» **RECORDS TO USE**
================

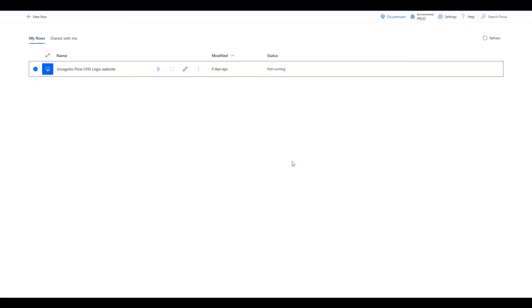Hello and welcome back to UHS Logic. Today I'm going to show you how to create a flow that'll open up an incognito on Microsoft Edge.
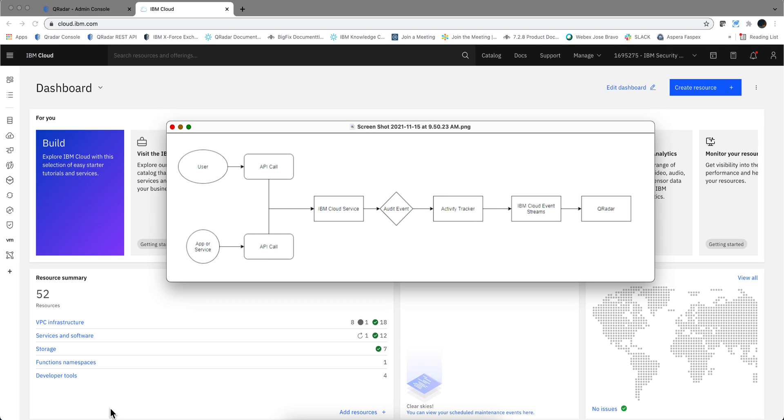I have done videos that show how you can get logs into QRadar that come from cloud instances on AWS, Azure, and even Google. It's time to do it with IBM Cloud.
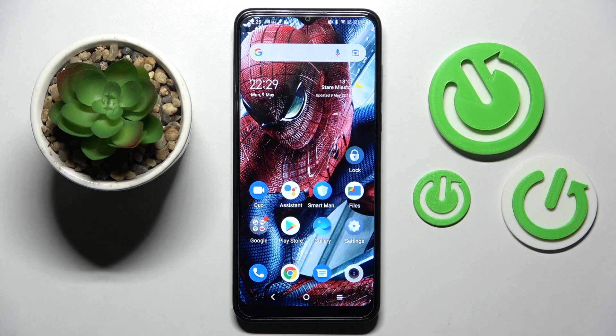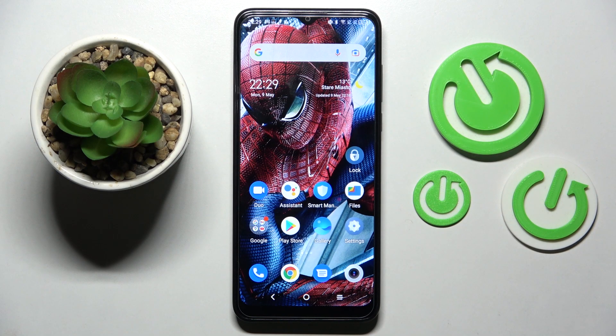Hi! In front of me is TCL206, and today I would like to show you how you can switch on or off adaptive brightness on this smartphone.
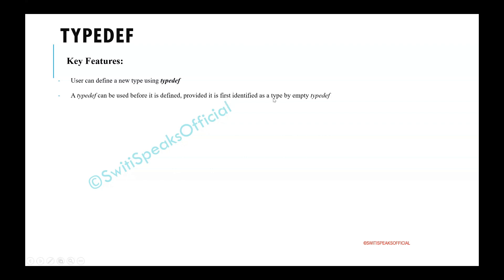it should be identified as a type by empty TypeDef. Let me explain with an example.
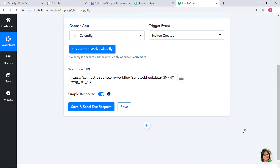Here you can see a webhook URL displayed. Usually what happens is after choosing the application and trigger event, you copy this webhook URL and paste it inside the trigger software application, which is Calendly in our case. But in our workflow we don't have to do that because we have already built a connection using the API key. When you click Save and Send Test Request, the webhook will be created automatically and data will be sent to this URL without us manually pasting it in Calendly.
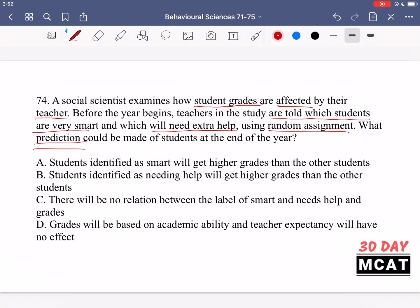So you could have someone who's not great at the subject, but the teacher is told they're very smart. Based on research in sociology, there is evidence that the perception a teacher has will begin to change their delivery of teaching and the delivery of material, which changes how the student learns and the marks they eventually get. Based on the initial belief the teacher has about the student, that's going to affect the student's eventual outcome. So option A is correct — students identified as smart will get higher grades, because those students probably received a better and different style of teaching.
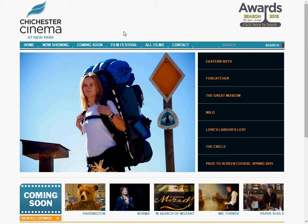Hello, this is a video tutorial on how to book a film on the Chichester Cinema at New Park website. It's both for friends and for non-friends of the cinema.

================

» **WHAT IS REQUIRED**
Nothing but the records above, retyped exactly and stripped of images, should appear in the answer.

» **EXERCISE OUTPUT**
Hello and welcome back to UHS Logic. Today I'm going to show you how to create a flow that'll open up an incognito on Microsoft Edge.
I have done videos that show how you can get logs into QRadar that come from cloud instances on AWS, Azure, and even Google. It's time to do it with IBM Cloud.
Hi! In front of me is TCL206, and today I would like to show you how you can switch on or off adaptive brightness on this smartphone.
it should be identified as a type by empty TypeDef. Let me explain with an example.
Here you can see a webhook URL displayed. Usually what happens is after choosing the application and trigger event, you copy this webhook URL and paste it inside the trigger software application, which is Calendly in our case. But in our workflow we don't have to do that because we have already built a connection using the API key. When you click Save and Send Test Request, the webhook will be created automatically and data will be sent to this URL without us manually pasting it in Calendly.
So you could have someone who's not great at the subject, but the teacher is told they're very smart. Based on research in sociology, there is evidence that the perception a teacher has will begin to change their delivery of teaching and the delivery of material, which changes how the student learns and the marks they eventually get. Based on the initial belief the teacher has about the student, that's going to affect the student's eventual outcome. So option A is correct — students identified as smart will get higher grades, because those students probably received a better and different style of teaching.
Hello, this is a video tutorial on how to book a film on the Chichester Cinema at New Park website. It's both for friends and for non-friends of the cinema.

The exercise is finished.